What is expected.
Will you write out, word for word, every line from the one with "Doña Sofía accede al Museo Sefardí" to the final line of the data below, with the pictures left out?

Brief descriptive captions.
※ ※ ※

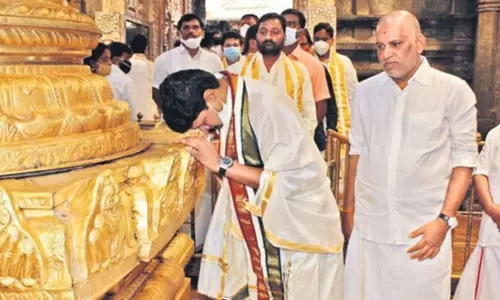 MP Santhosh Kumar Visits Tirumala Temple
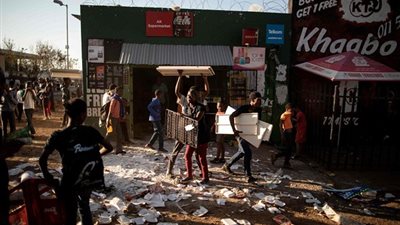 اشتباكات بين السكان والمهاجرين في جنوب افريقيا 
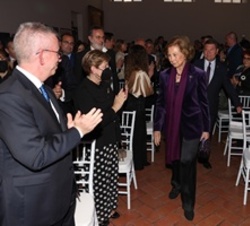 Doña Sofía accede al Museo Sefardí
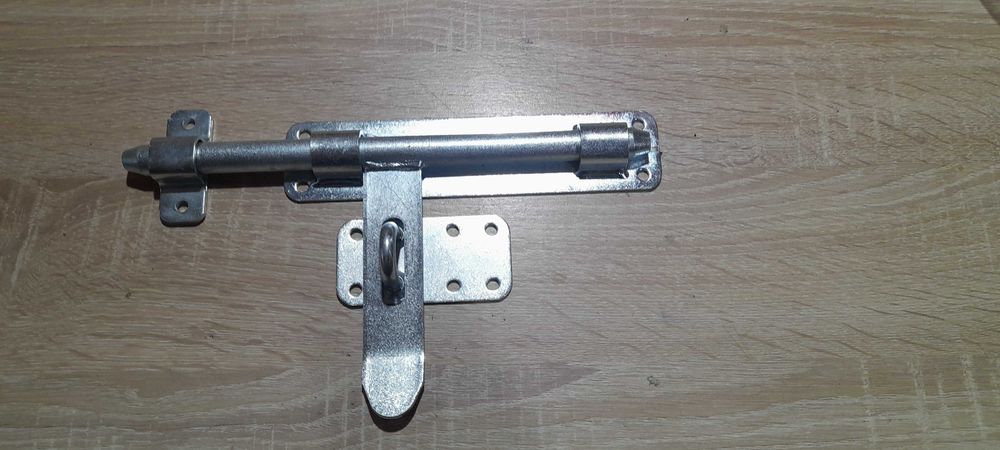 Zasuwa garażowa do bramy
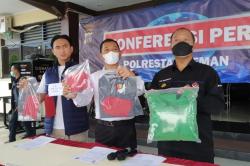 2 Kakek-Kakek Bobol Rumah saat Ditinggal Pemiliknya Sholat di Masjid, 1 Pelaku Menyamar Jadi Ojol 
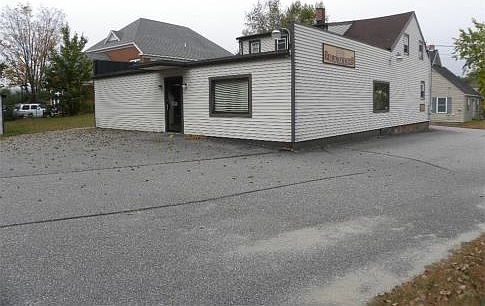 2nd image of 23 Cross St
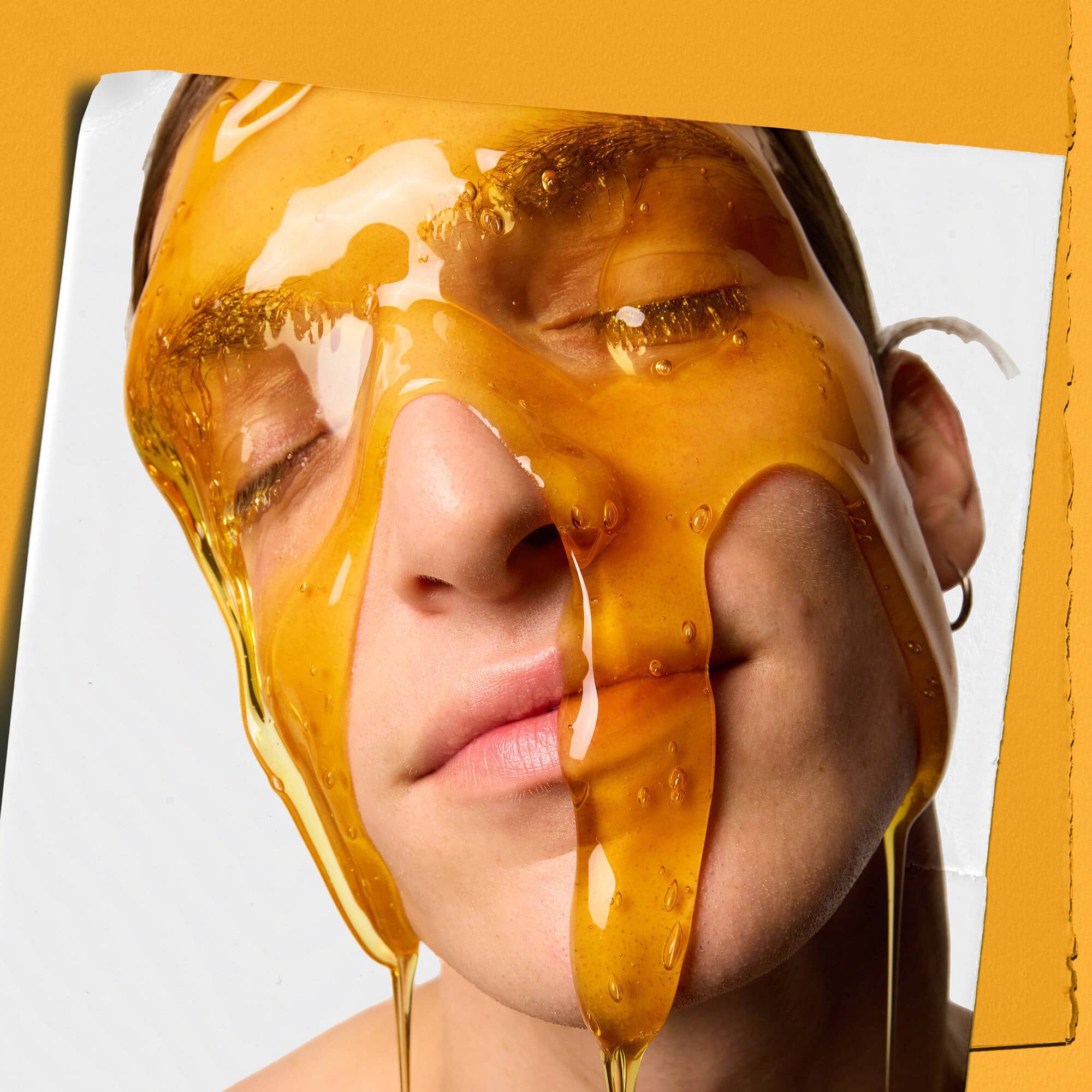 Модел с течащ по лицето дълбоко почистващ и разпенващ се гел с невен Kiehl's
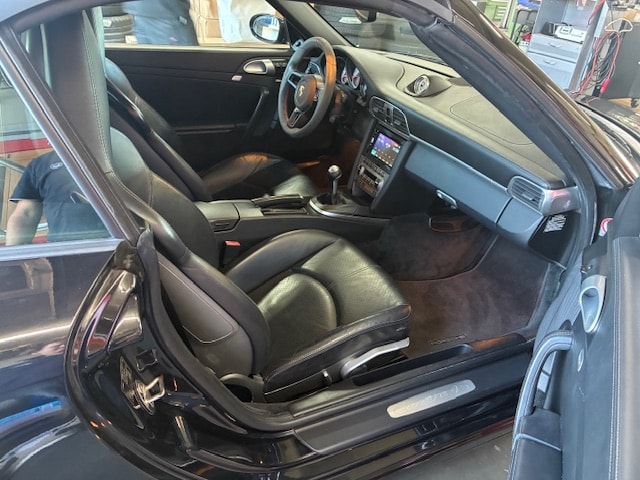 PORSCHE 911 Cabrio Carrera 4S-image-4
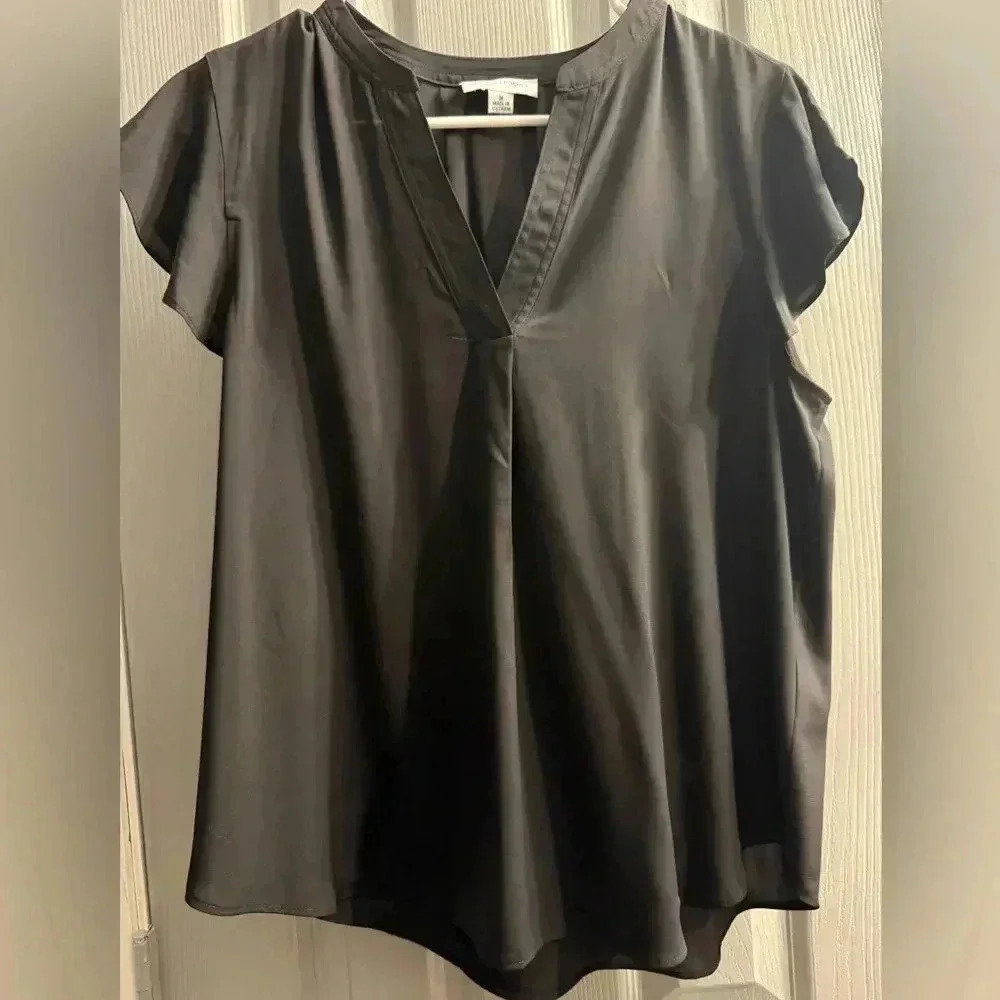Calvin Klein black top with v neck flutter sleeves Women’s size Medium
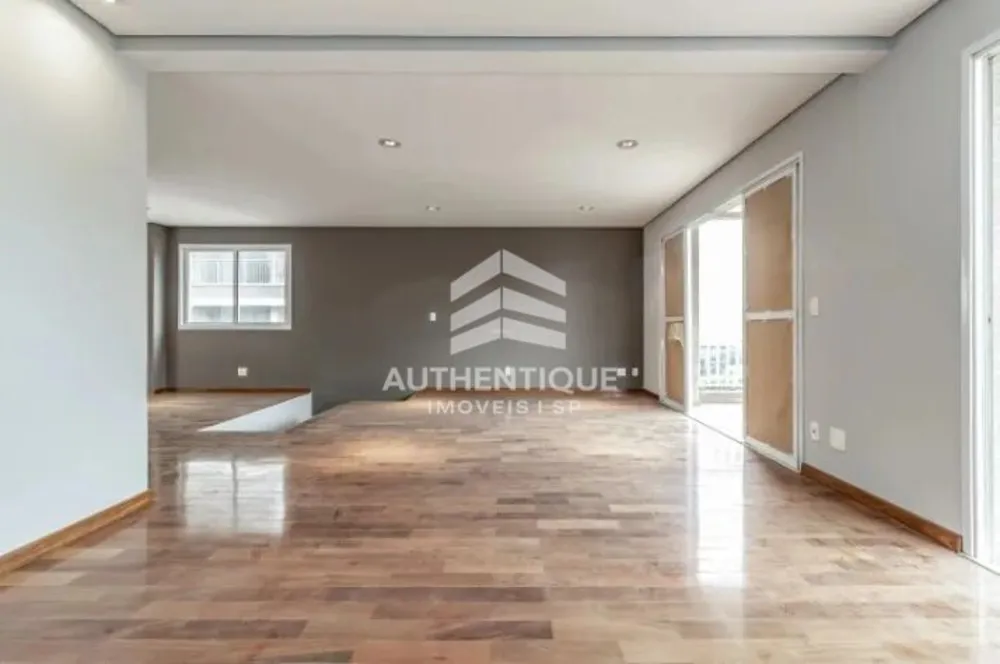 Cobertura, 3 quartos, 304 m² - Foto 1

※ ※ ※

Written answer.
 Doña Sofía accede al Museo Sefardí
 Zasuwa garażowa do bramy
 2 Kakek-Kakek Bobol Rumah saat Ditinggal Pemiliknya Sholat di Masjid, 1 Pelaku Menyamar Jadi Ojol 
 2nd image of 23 Cross St
 Модел с течащ по лицето дълбоко почистващ и разпенващ се гел с невен Kiehl's
 PORSCHE 911 Cabrio Carrera 4S-image-4
Calvin Klein black top with v neck flutter sleeves Women’s size Medium
 Cobertura, 3 quartos, 304 m² - Foto 1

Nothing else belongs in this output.